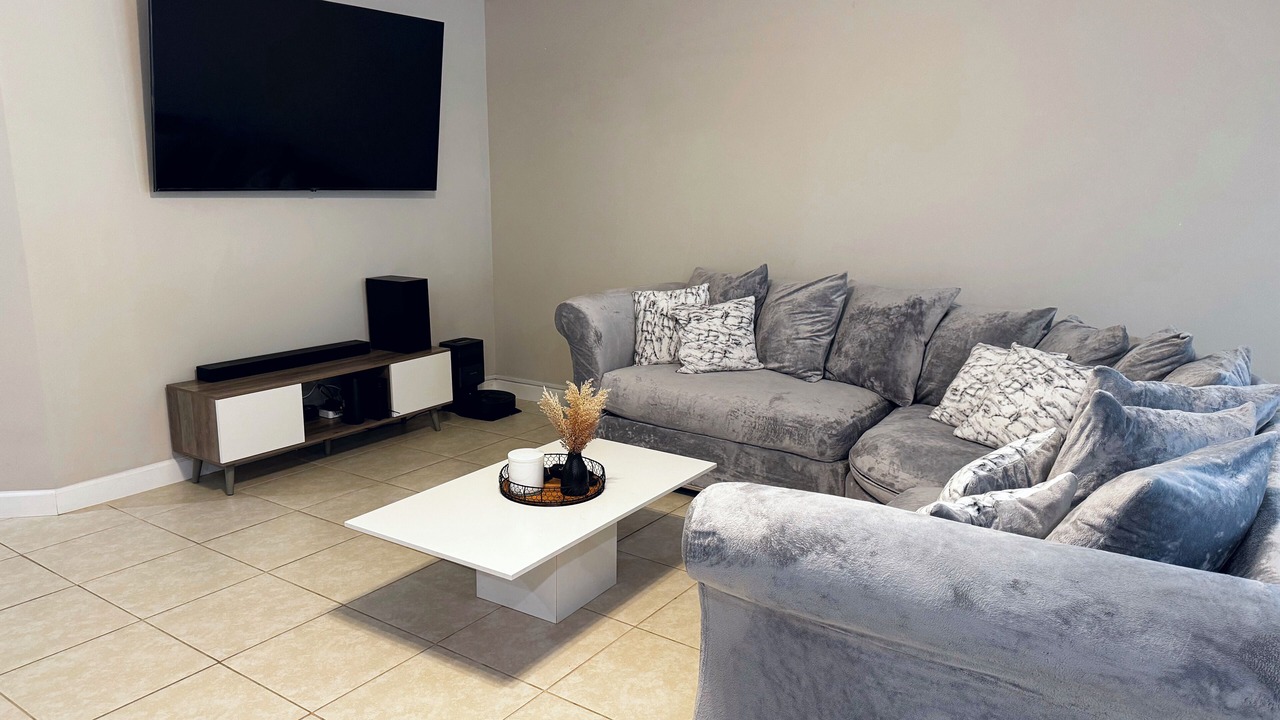 Photo of Livingroom in Palm Bay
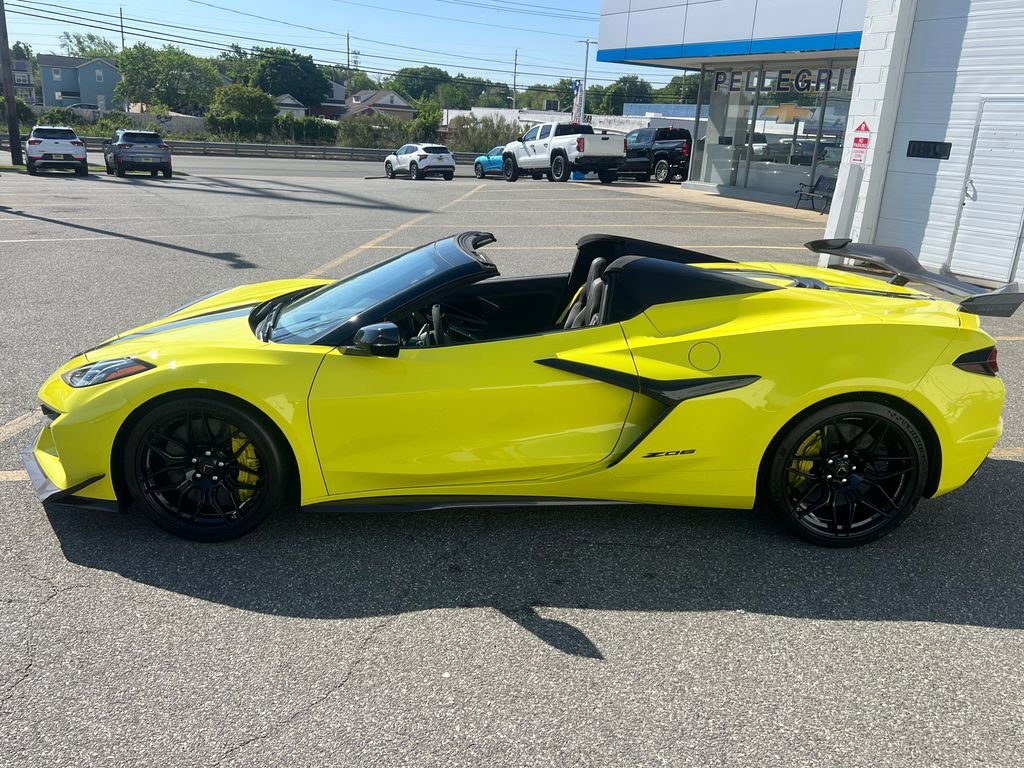 Used 2023 Accelerate Yellow Metallic Chevrolet 3LZ image 14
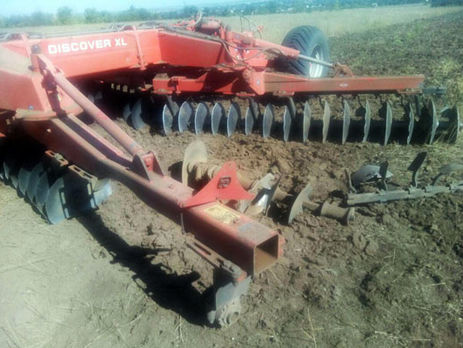 В Донецкой области на мине подорвался трактор, ранен мужчина – полиция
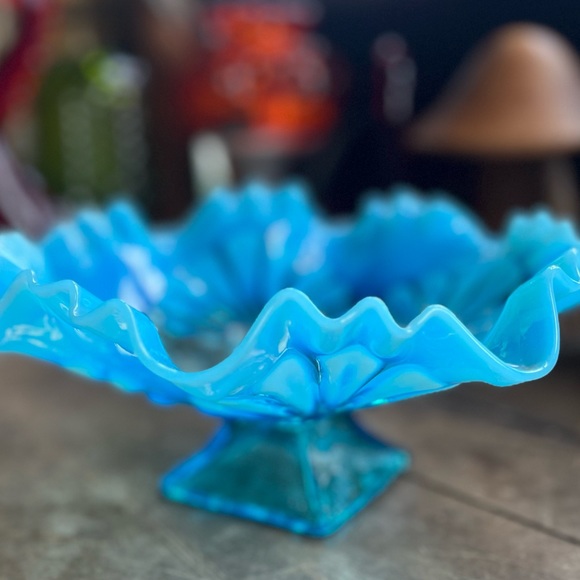 JEFFERSON NORTHWOOD GLASS RUFFLED SQUARE FOOTED OPALESCENT COMPOTE - Picture 3 of 13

== WHAT THIS TASK INVOLVES ==
What you need to retype is every line from the one that has "В Донецкой области" through the last line of the listing, both included, with the pictures left out.

== FINISHED EXERCISE ==
 В Донецкой области на мине подорвался трактор, ранен мужчина – полиция
 JEFFERSON NORTHWOOD GLASS RUFFLED SQUARE FOOTED OPALESCENT COMPOTE - Picture 3 of 13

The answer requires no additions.